This paper offers an intuitive and transparent approach to implement the Bayesian scheme under a generalized framework. Given that the “treatment effect” and the associated standard error for both the external and the current data can be estimated, an appropriate discount factor can be obtained through a generic version of the meta-analysis. This discount measure enjoys many natural features: it measures the homogeneity or exchangeability of the prior information and the current data through a generalized framework, without being dragged into the granular level of details. The discount is not linear: when the two sources of information give similar evidence toward the “treatment effect”, full borrowing is possible. Given large disagreement, especially nearing statistical significance of heterogeneity, the borrowing is dramatically reduced. Once an appropriate degree of borrowing has been determined, the integration of the effective prior information and the current data can be implemented through a well-defined and transparent process. In this process, the effective sample size from the prior information is conveniently calculated, which is a quantity of interest to practitioners. A subtle point in effective sample size determination is that the newly proposed method is upstream-oriented while the existing literatures are mostly post hoc.

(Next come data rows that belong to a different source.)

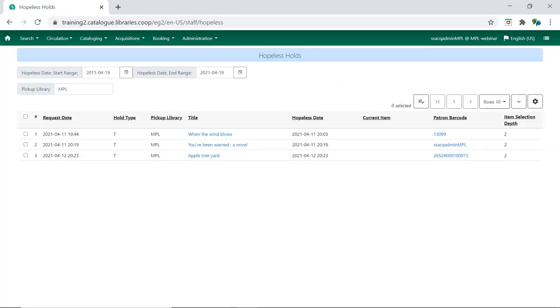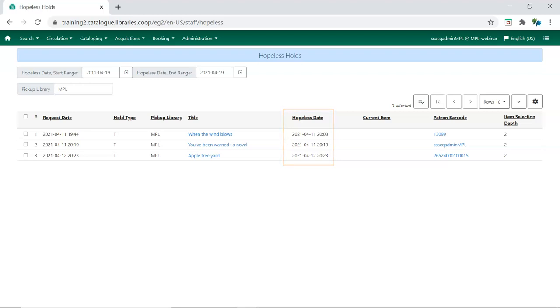Holds that are unfillable or hopeless will display. Evergreen uses the hopeless date to determine what to show on this screen. A hopeless date is given to a hold when the potential items list for the hold is empty or when all potential items have an item status that is hopeless prone.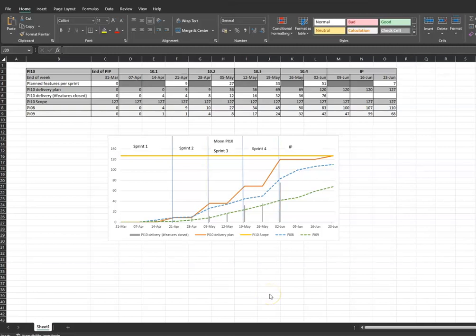I hope you enjoyed this video. Included just below this video is a link to download this example Burn Up Chart that we've created. If you'd like to receive more practical tips on SAFe and Scrum, sign up to my newsletter on theagilesoul.com or join our private Facebook group at theagilesoul.com.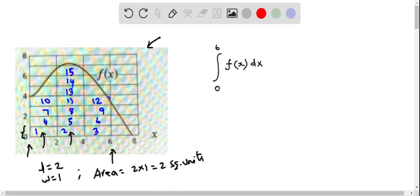Now let's count the number of half rectangles. This rectangle looks like a half rectangle. I'm going to mark this as one half rectangle, and this one can also be estimated as another half rectangle. Similarly, this can be a third half rectangle and this could also be approximated as a fourth half rectangle. So now we have to sum up the areas of the complete rectangles and add it with the areas of the half rectangles.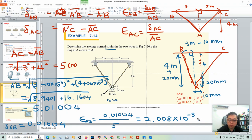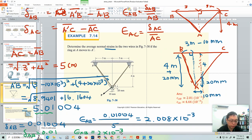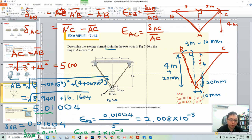If instead you had only taken two decimal places, giving A-prime B ≈ 5.01, then delta AB would be 0.01, and strain AB would be 0.01 divided by 5 = 2×10⁻³. For strain AB, the difference between 2.008×10⁻³ and 2×10⁻³ doesn't look too bad — but for the next calculation of strain AC, taking only two decimal points will make a much bigger difference.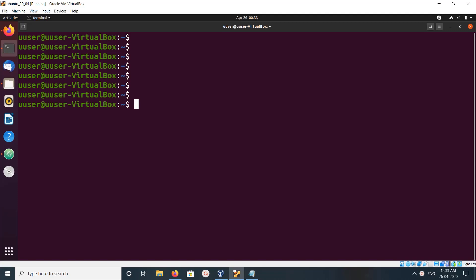Hi friends, this video shows how to install and run Apache. First we need to run sudo apt update. Enter your sudo password.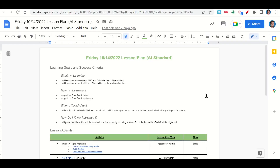Welcome everyone. Let's begin our lesson for today by going over the learning goals and success criteria. First, what are we learning? We're learning how to understand and/or statements of inequalities and how to graph all kinds of inequalities on the real number line. How are we learning it? Through the Inequalities Train Part 2 notes and the Inequalities Train Part 2 assignment. When can we use this? To determine which scores you can receive on your final exam that will allow you to pass the course. How do we know we learned it? By getting a score of 4 on the Inequalities Train Part 2 assignment.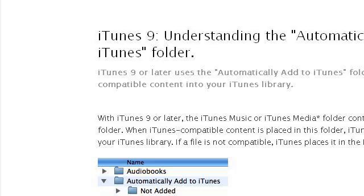If you don't find useful information on the previous sites, see support.apple.com, the web page 'iTunes 9: Understanding the Automatically Add to iTunes' folder.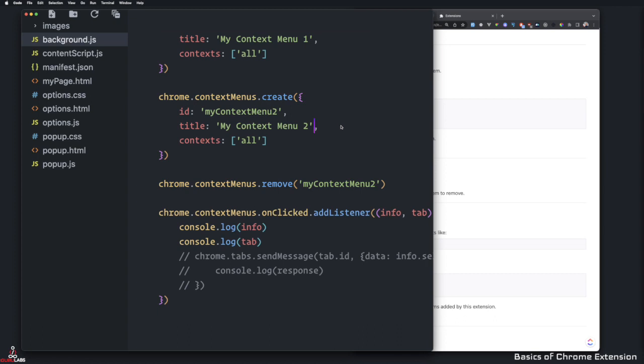And you can create anything in the background.js, any functions that you would like to run in the background, you can use this in order to create, in order to use the context menu. I hope I'm going in the right direction by explaining each and every API that's important.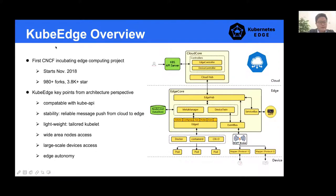Here is an overview of KubeEdge. KubeEdge is the first CNCF edge computing project. It started from November 2018 and now has more than 900 forks and almost 400 stars. Some key points from the KubeEdge architecture perspective: it is very compatible with the Kubernetes API, it is very stable because it has a very reliable message push from cloud to edge, it can be very lightweight, and it can support wide area node access and very large scale device access. And finally, it has edge autonomy.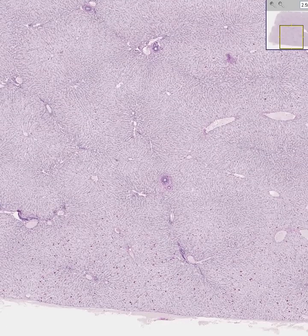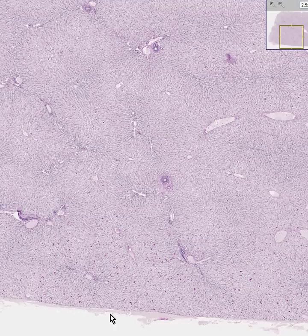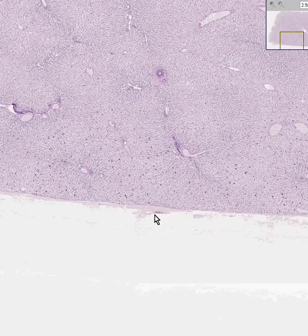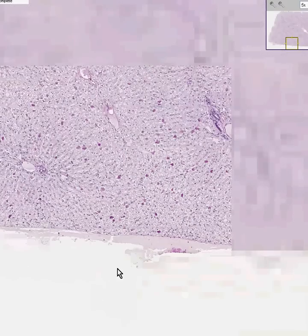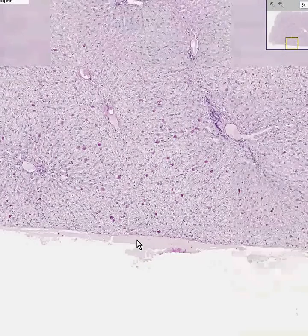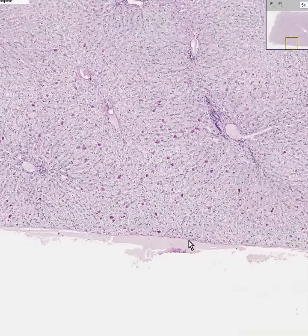This little bit of fibrous connective tissue at the edge is probably the true capsule of the liver. And like every capsule, it's mostly fibrous tissue.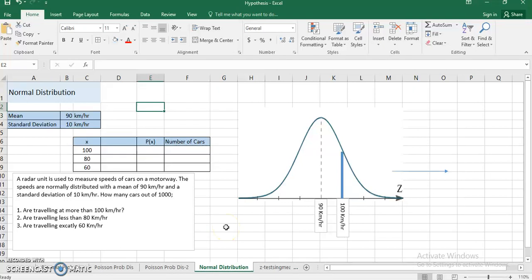Welcome. In this video I'm going to discuss how to solve problems related to normal distribution. It's a continuous probability distribution, and the probability density function of normal distribution is a little complicated. I'll be explaining how to use normal distribution to solve a problem in Excel.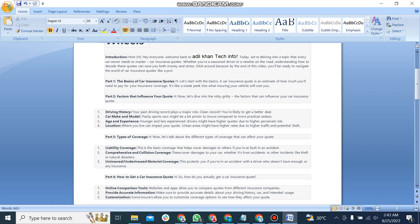And the third part is types of coverage. Now let's talk about the different types of coverage that can affect your quote. First one is liability coverage. This is a basic coverage that helps cover damage to others if you are at fault in an accident. The second one is comprehensive collision coverage. These cover damages to your car whether it's from accidents or other incidents like theft or natural disasters.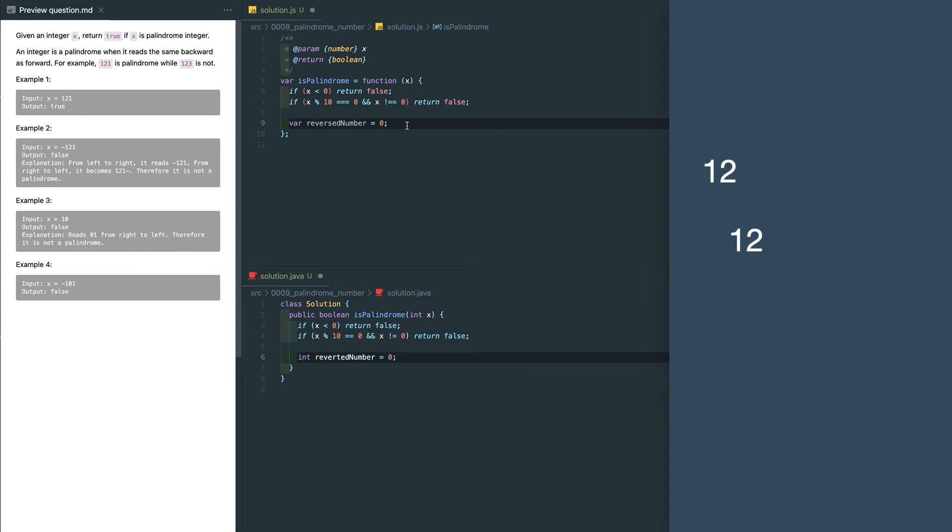This also tells us that we do not need to reverse the entire number. We just need to reverse half of the digits so we can get the conclusion. But what if we have an odd digit number like 12321?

The concept of effective sample size in the Bayesian framework is important because practitioners want to have a practical sense on how much information is borrowed from the external data without fully appreciating the sophisticated modeling. It is a window into a magic box to evaluate the utility of the Bayesian approach under the Frequentist’s framework. The existing approaches typically go through the strenuous journey first and then obtain the effective sample size through back-engineering. The proposed method skips the strenuous journey to obtain the effective sample size first and perform the integration afterwards, which serves as a shortcut. The integration in the second step can follow the formal Bayesian scheme through either the normal-normal conjugate or the beta-binomial conjugate, depending on the endpoint type.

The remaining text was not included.